Realistic determination on the part of the author is a prerequisite. He must believe deeply in his own work and be willing to do his homework in finding comparable work by already “successful” writers. Freshness is certainly important, but agents seem to be most interested in what will sell. It is very important to know the agencies and their criteria and to know what they're looking for. Read carefully the bio of each agent to find his or her special interest, like thriller, memoir, cookbook, historical fiction, etc.

I've read about successful writers, who knew they had something special in their own work but something not necessarily recognized by literary agents. One example is Kathryn Stockett, author of the wildly popular book, THE HELP, which soon also became a popular film. Ms. Stockett counted forty-five rejections in a row after which she didn't keep careful track any more, but estimates that there were at least sixty rejection letters in a row for her book. Think of all those incinerators containing the ashes of her query letters and sample chapters. This has inspired me in the sense that so far, as of May 8, 2012, I have sent fifty-four query letters and in some cases with sample chapters, when requested and have received fourteen rejection letters, all very polite but mostly very impersonal notes sent also to zillions of other hungry writers.
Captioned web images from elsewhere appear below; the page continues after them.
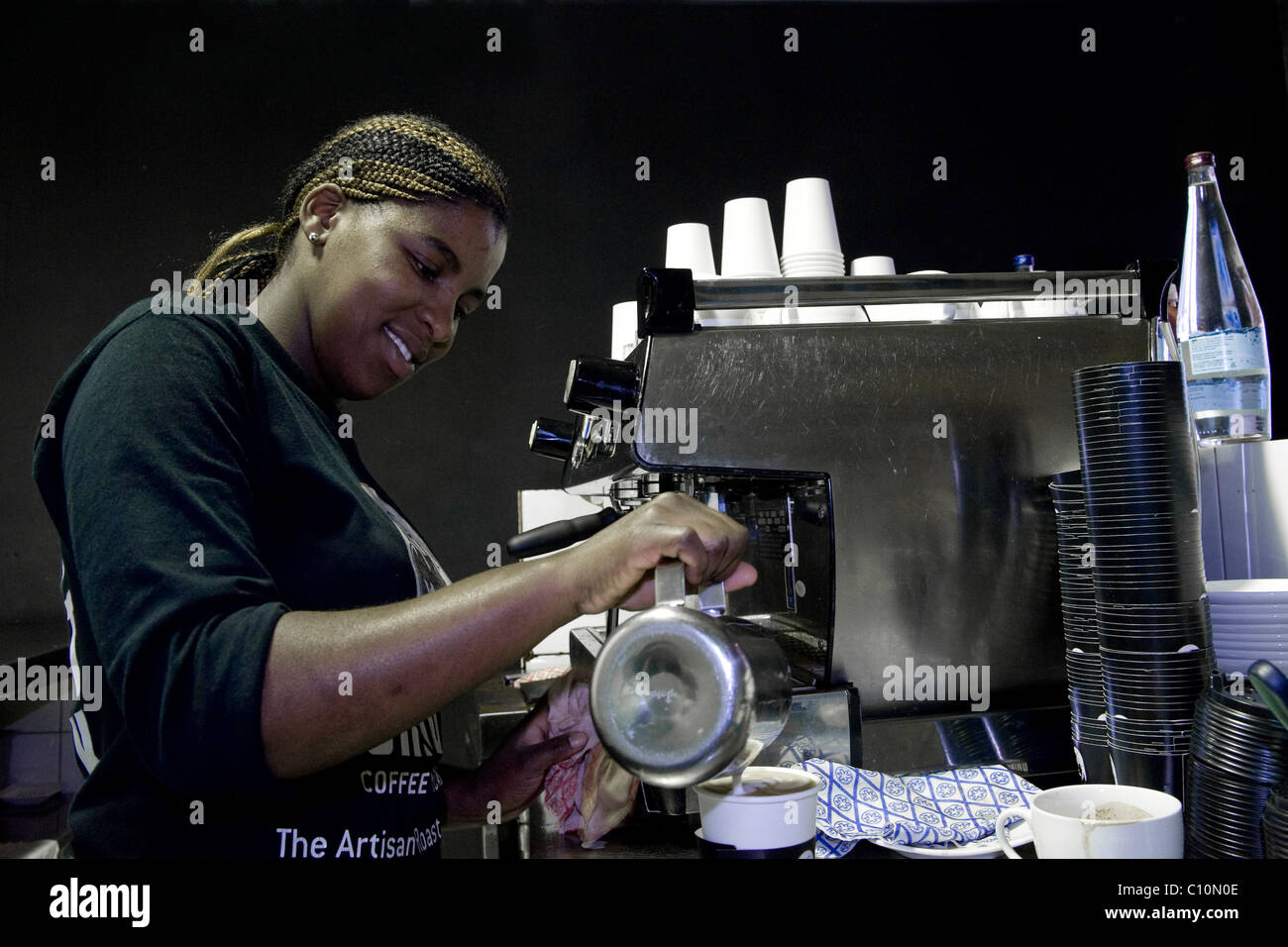 Barista che lavora in una macchina per il caffè in un coffee-house a Città del Capo in Sud Africa Foto Stock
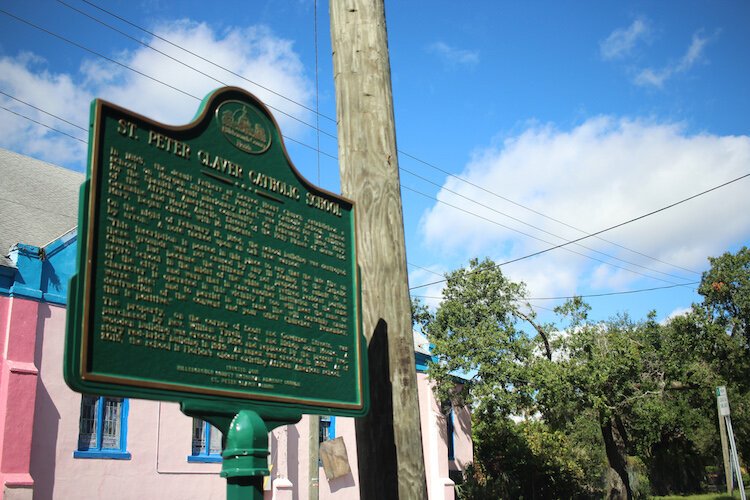 St. Peter Claver Catholic School is named after the Spanish Jesuit priest known as the patron saint of slaves. The original school built by nuns on Morgan Street opened on Feb. 12, 1894, and was burned down 10 days later by opponents.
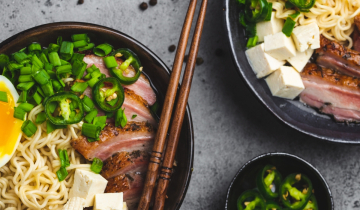 Ramen noodles in bowls with egg and pork, plus chopsticks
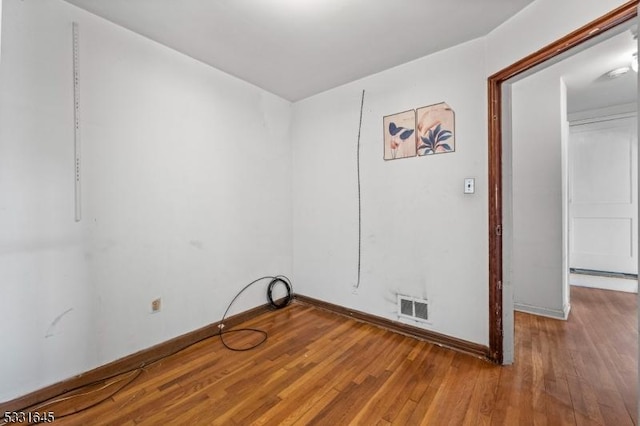 clothes washing area with hardwood / wood-style floors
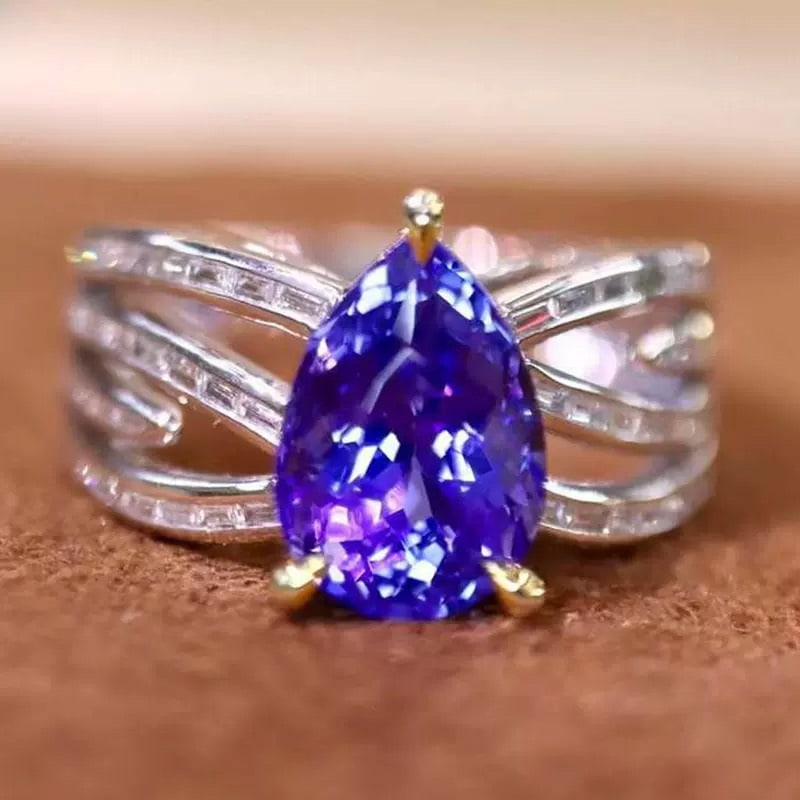 14k Gold 3.03 Ctw Natural Tanzanite & Diamond Ring: Ref:231126283 // gold content:14k gold // ring size:7. 25us // // main gemstone:tanzanite // shape:pear // carat weight:2. 60ct // color:blue // treatment:natural // // adjacent gemstone 2 : diamond /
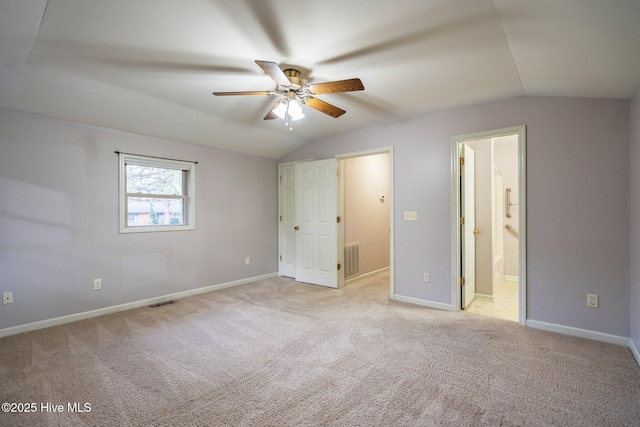 unfurnished bedroom with light carpet, ensuite bath, ceiling fan, and lofted ceiling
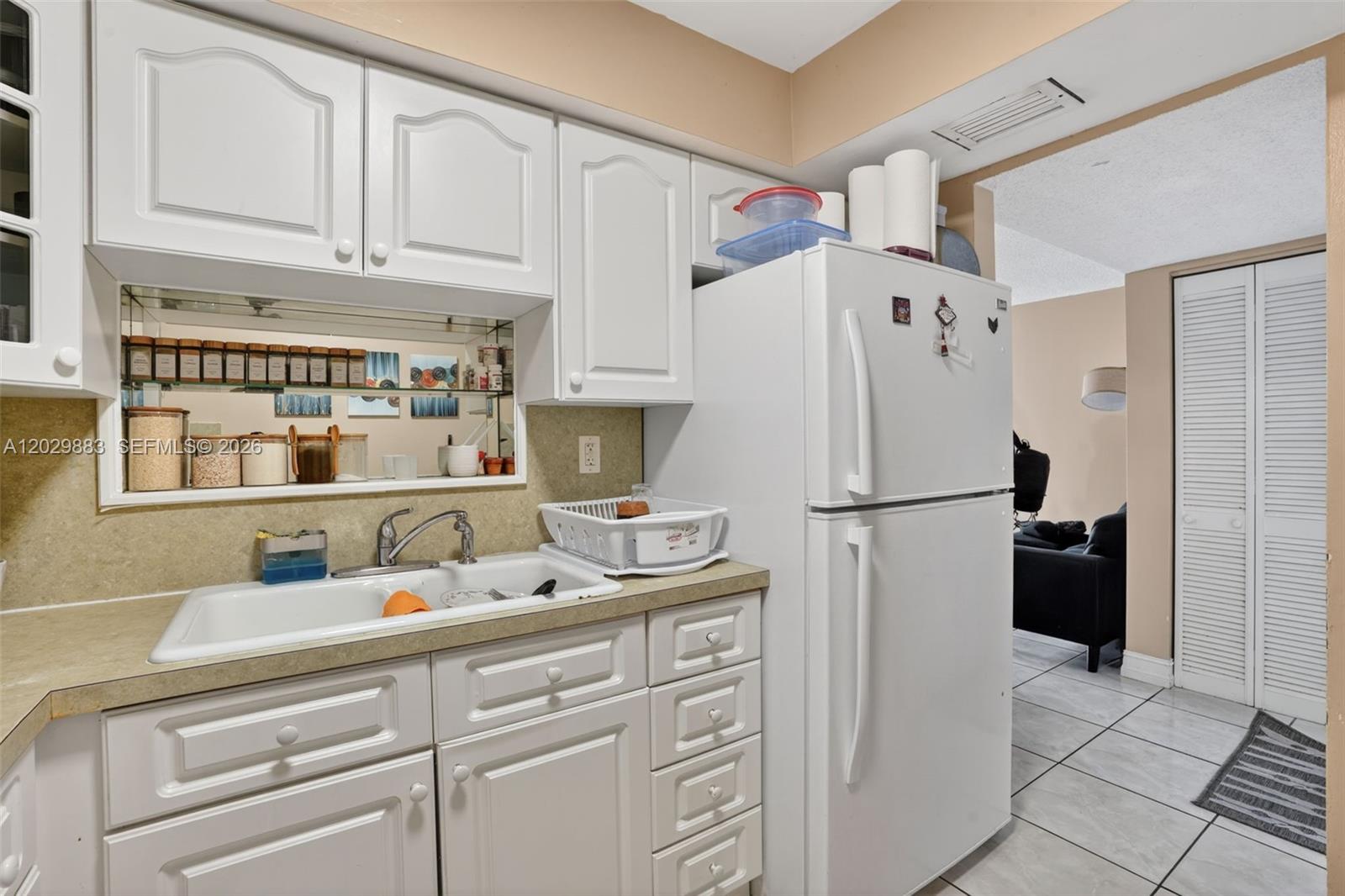 A kitchen features white cabinets, a white refrigerator, a sink, and a mirrored backsplash — 11790 SW 18th St # 3, Miami FL 33175, MIAMI, FL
Only one of those actually named my book and gave me encouragement to keep going with it. Such is the experience any unknown author without entree can expect in attempting to find an agent, let alone a publisher. Some agents tell you to expect a response in six months, so it is necessary to send simultaneous queries to many agencies, especially if you're my age (sixty-six) and want to get through the actual publication process of your book some time before your eightieth birthday.

There are also people who simply must write, not for money or fame, but for the joy of expression for its own sake and perhaps for the satisfaction of sharing their thoughts, and sentiments. Blogs are perfect venues for that kind of writing, and in essence, if you’re writing a blog, you’re “published,” because you’ve a readership, even if only one other person.
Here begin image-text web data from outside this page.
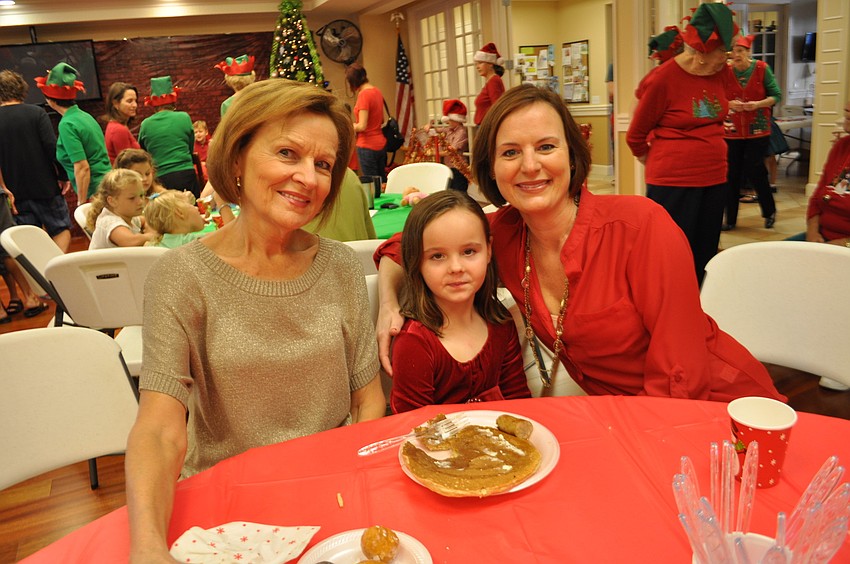 Heritage Harbour residents Rose Vinopal brings her granddaughter and daughter, Emma and Kim Brown, of Tampa.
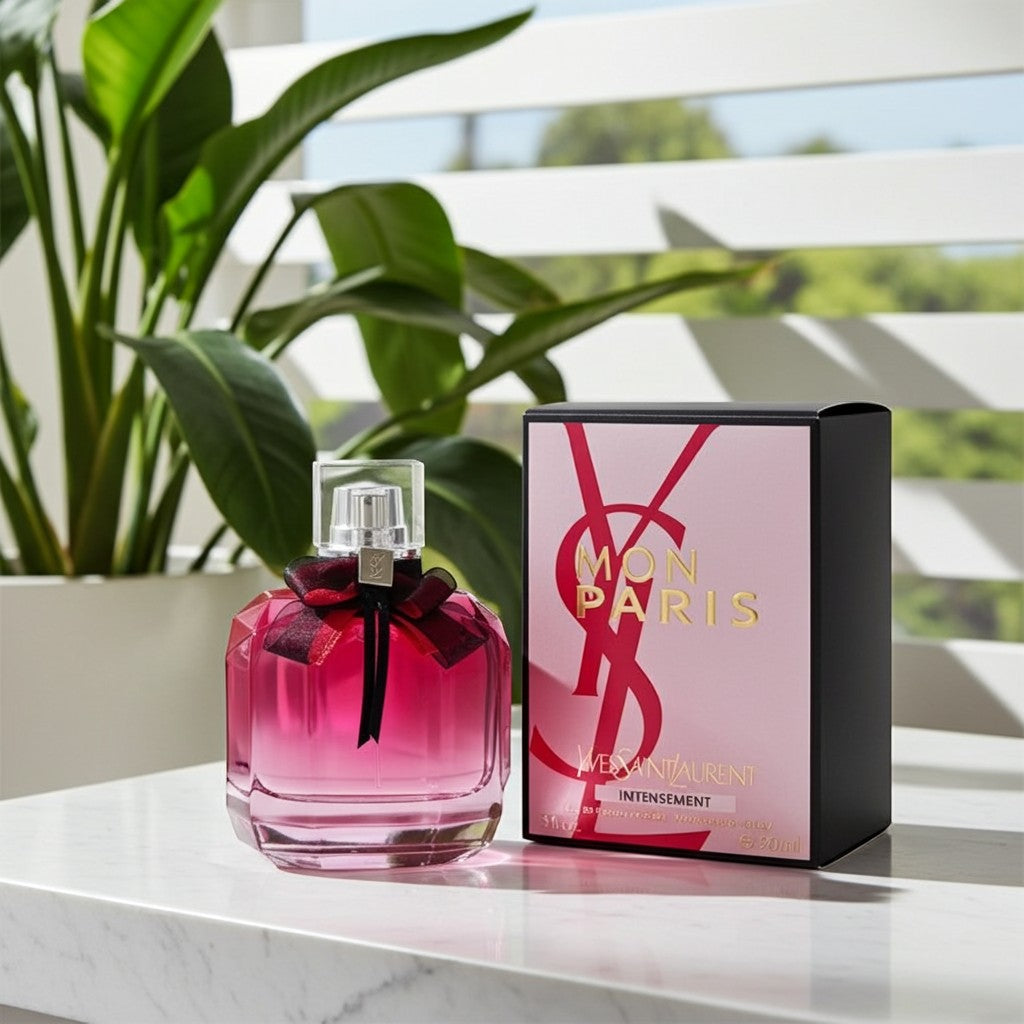 AuraGlow YSL Mon Paris Intensement perfume bottle with a black bow next to its pink and black box on a marble table.
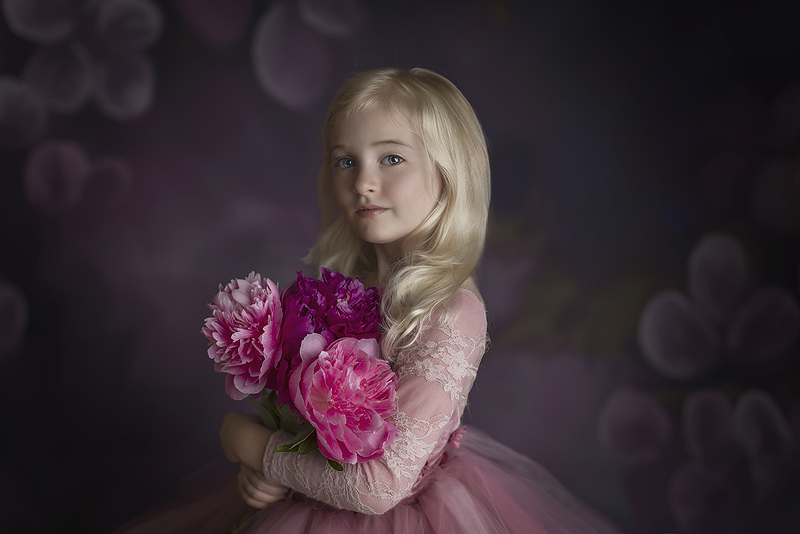 Beautiful 5 year old holds pink flowers at her Fine Art Photography session St Andrews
My comments here cannot be considered sour grapes just yet. The process is not over for me until I've sent out well over a hundred query letters and there is no hope of finding an agent and publisher. Right now I still feel that I'm “in the game.” Maybe when I turn eighty and have not yet published COME SEPTEMBER, I may get back to you on my blog or with a sky writer to say that I'm feeling a bit sour about the whole thing. Only time will tell. The challenge is enormous in the quest to be published, but so are the rewards.


May 2, 2012

Drivers Ed, Summer of 1962

When summer came, I took the Driver’s Ed course at Dad’s request, mainly because he was concerned about insurance rates, and at least a “B” in the class would mean more dollars in his wallet if I were going to be driving his car. Though the classrooms at Gavit High were still not air-conditioned, and the rooms were all stifling, the actual driving portion of the class was enjoyable, not just because the 1962 Pontiac we drove was air-conditioned, but because we were actually driving. Mr. Batcomb, our instructor, was an irascible baseball coach with a flat top haircut, and a nose that in profile resembled a huge peninsula jutting out from what seemed some undiscovered country. A nervous, insecure, and very impatient man, Mr. Batcomb was an almost comical choice to teach such a class. Except for his ample nose, he reminded me of the young Bob Newhart, who was a popular new comedian at the time, apologetic only in the most sarcastic ways. As a baseball coach, Mr. Batcomb believed that any boy not active enough in sports to be on some varsity team was worthless and should simply be set adrift on an ice floe somewhere up north, never to be heard from again. In dealing with me, even on my best days, he always had a “Hrumph” in his attitude, an attitude that he made no attempt to conceal. If his class had been a Monopoly game, my report card would surely have said, “Do not pass go. Do not pass my class. Do not collect $200.”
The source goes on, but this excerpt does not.